For the second time in less than a year, the ATF chose to ignore the Tiahrt Amendment – the federal law that prohibits the disclosure of sensitive firearm trace data to anyone outside of law enforcement circles for use in a bona fide investigation – and instead released it to the public.
This time, the ATF handed over the trace data to The Trace, the mouthpiece for the activist gun control group Everytown for Gun Safety. Just six months ago, ATF handed over firearm trace data to USA Today through a Freedom of Information Act (FOIA) request – despite the fact that firearm trace data isn’t subject to FOIA requests.
The Trace, hardly a bastion of objective journalism and once described as an “agitprop outlet” – chose not to challenge a Ninth Circuit ruling that the agency had to hand over protected firearm trace data to Stop US Arms to Mexico, a nonprofit in Oakland, Calif.

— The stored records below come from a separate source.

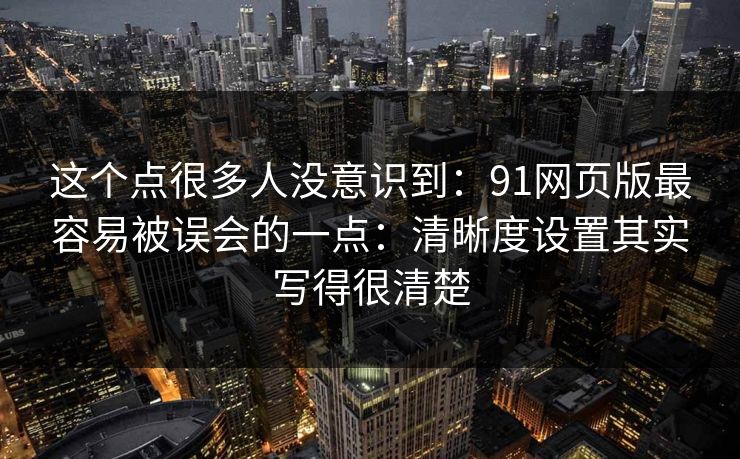 这个点很多人没意识到：91网页版最容易被误会的一点：清晰度设置其实写得很清楚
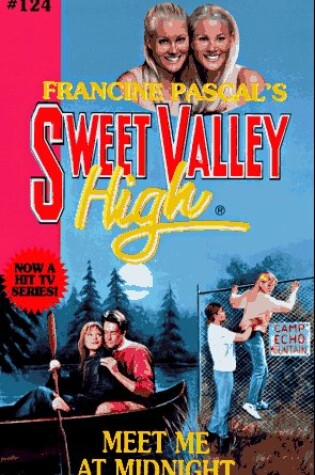 Cover of Sweet Valley High 124: Meet ME Tonight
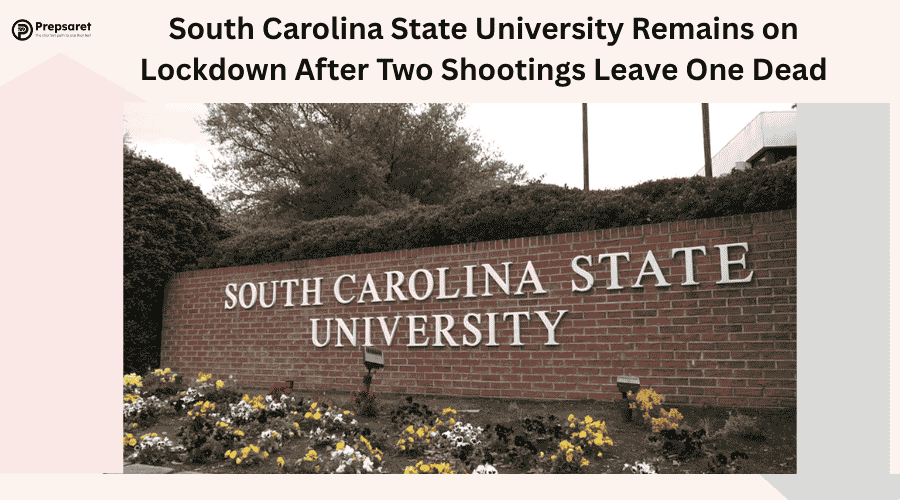 South Carolina State University Remains on Lockdown After Two Shootings Leave One Dead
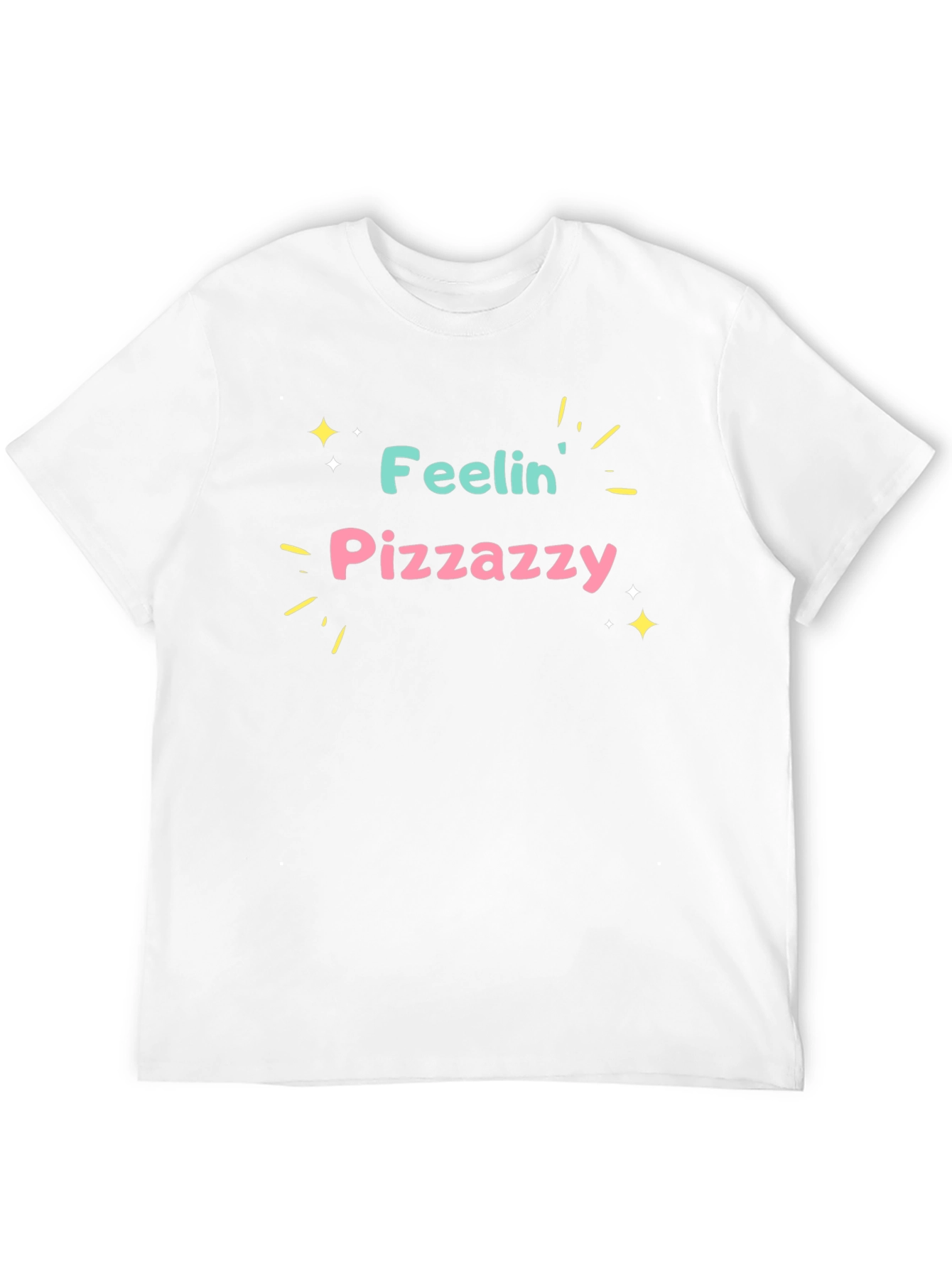 Feelin Pizzazzy Graphic Tee - Fun & Stylish T-Shirt
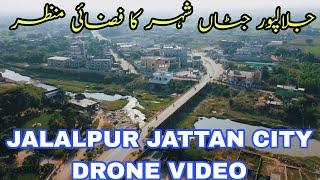 Jalalpur Jattan City | Jalalpur Jattan Drone Video 4K | Jalalpur Jattan Gujrat | Gujrat Pakistan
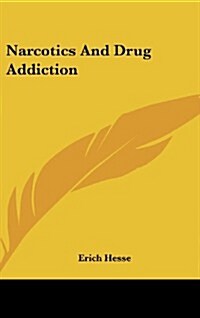 Narcotics and Drug Addiction (Hardcover)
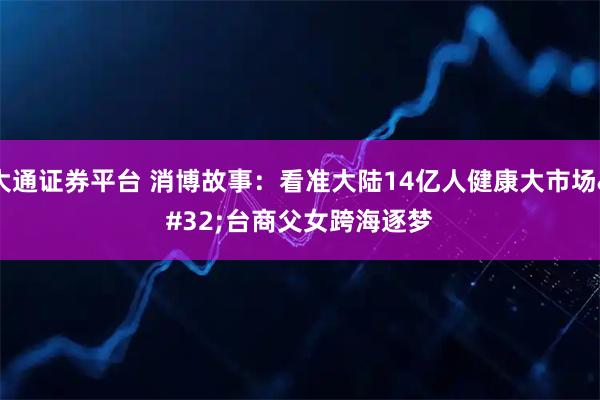 大通证券平台 消博故事：看准大陆14亿人健康大市场 台商父女跨海逐梦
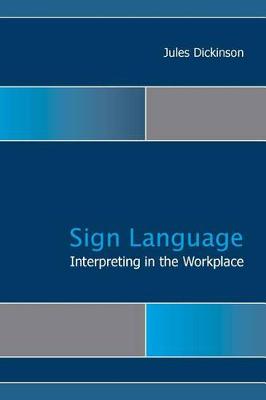 Jules Dickinson - Signed Language Interpreting in the Workplace (Gallaudet Studies In Interpret) - 9781563686894 - V9781563686894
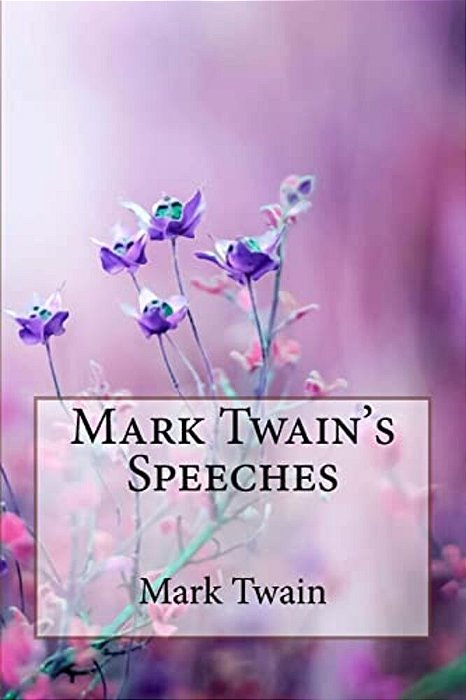 Mark Twain's Speeches Mark Twain-..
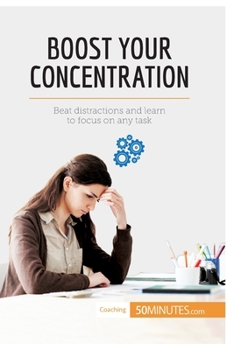 Paperback Boost Your Concentration: Beat distractions and learn to focus on any task Book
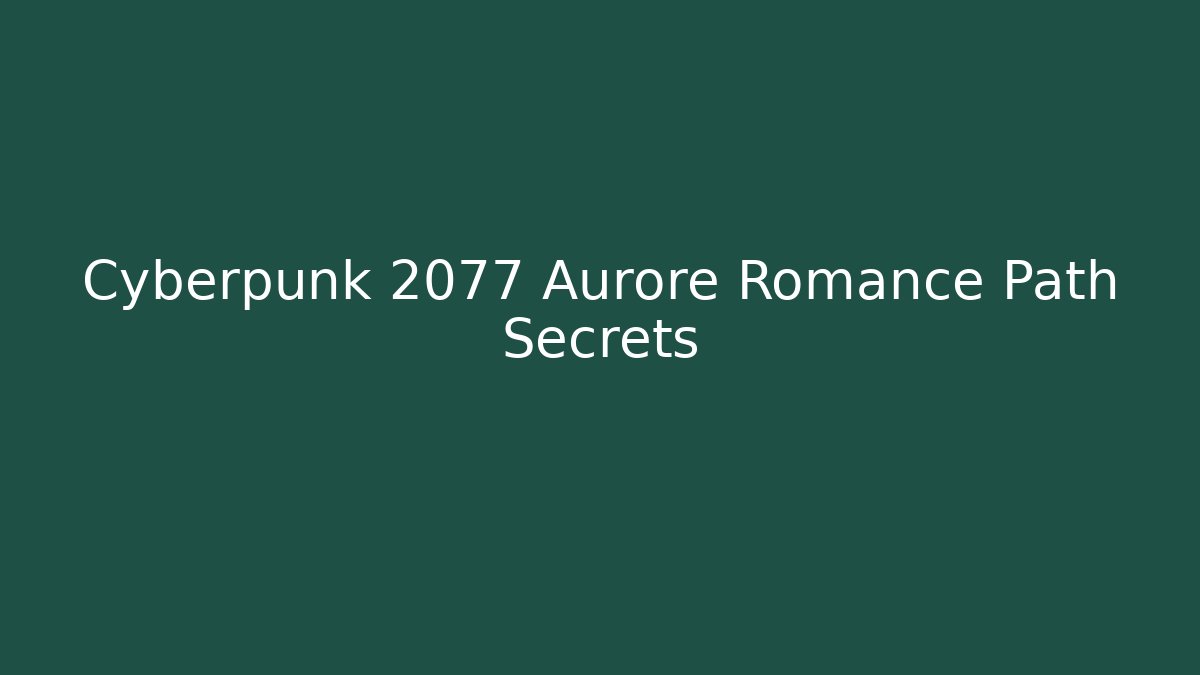 Cyberpunk 2077 Aurore Romance Path Secrets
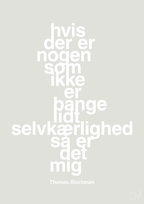 plakat: hvis der er nogen som ikke er bange for lidt selvkærlighed så er det mig - painters white-Musiker-A1two3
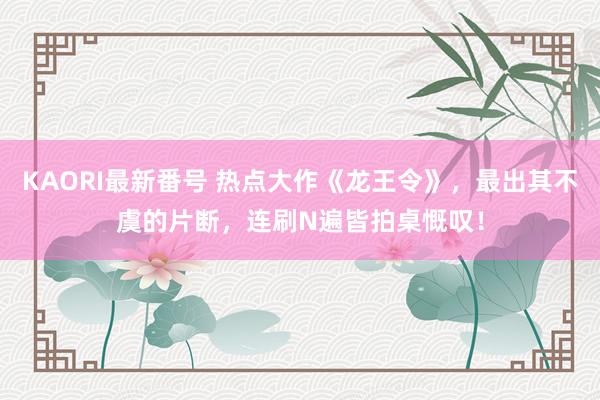 KAORI最新番号 热点大作《龙王令》，最出其不虞的片断，连刷N遍皆拍桌慨叹！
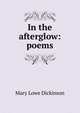 In the afterglow: poems, Mary Lowe Dickinson 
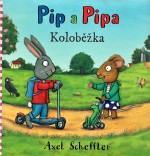 Pip a Pipa - Koloběžka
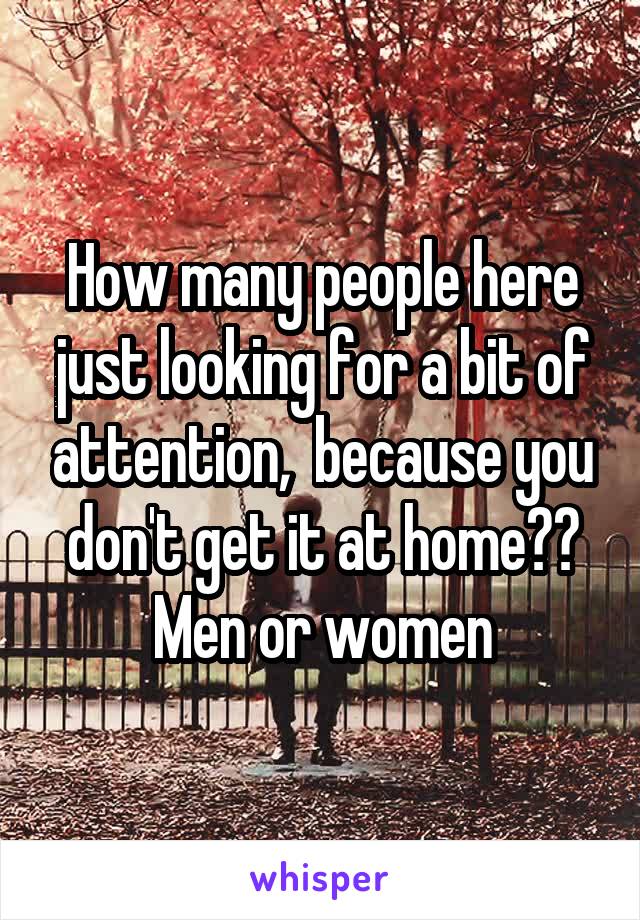 How many people here just looking for a bit of attention,  because you don't get it at home??
Men or women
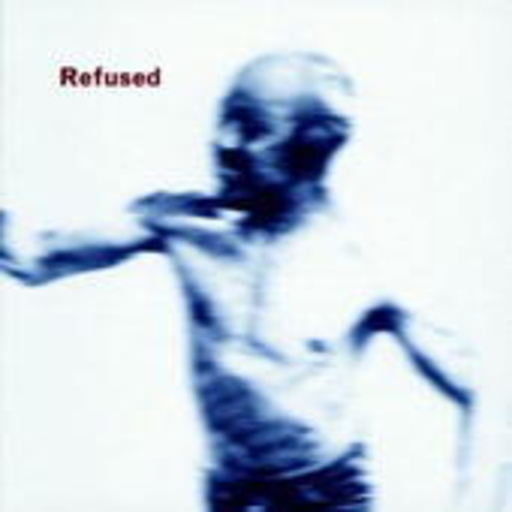 Refused – Songs To Fan The Flames Of Discontent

That was after John Londsay-Poland, the group’s founder, requested the data for U.S.-made firearms recovered at crime scenes in Mexico, Guatemala, Honduras and El Salvador, broken down by the U.S. states, counties and ZIP codes from where they were purchased.
ATF denied the request, initially at least. That’s because the Tiahrt Amendment states that the ATF cannot release that information outside of law enforcement circles. Lindsay-Poland sued and the Ninth Circuit agreed that the information must be released. However, less than a month later, the U.S. Court of Appeals for the Second Circuit ruled that firearm trace data was protected and could not be released.
That’s a circuit court split.
The ATF – which reports to the Department of Justice – should have recognized that there is disagreement between the circuit courts, setting up a question for the U.S. Supreme Court to consider. The Ninth Circuit had 78.6 percent of the cases challenged from that court overturned. In 2022, 11 of the 14 cases that were challenged were overturned. Percentage-wise, the Ninth Circuit doesn’t lead in cases overturned. The Fourth, Fifth, Tenth and D.C. Circuit along with state courts led those percentages, but had far fewer cases reviewed, with three, three, eight, two, one and five, respectively.
That track record indicates that the ATF and DOJ might have had a fighting chance to argue that the Ninth Circuit erred in their judgement to order the release of the protected firearm trace data.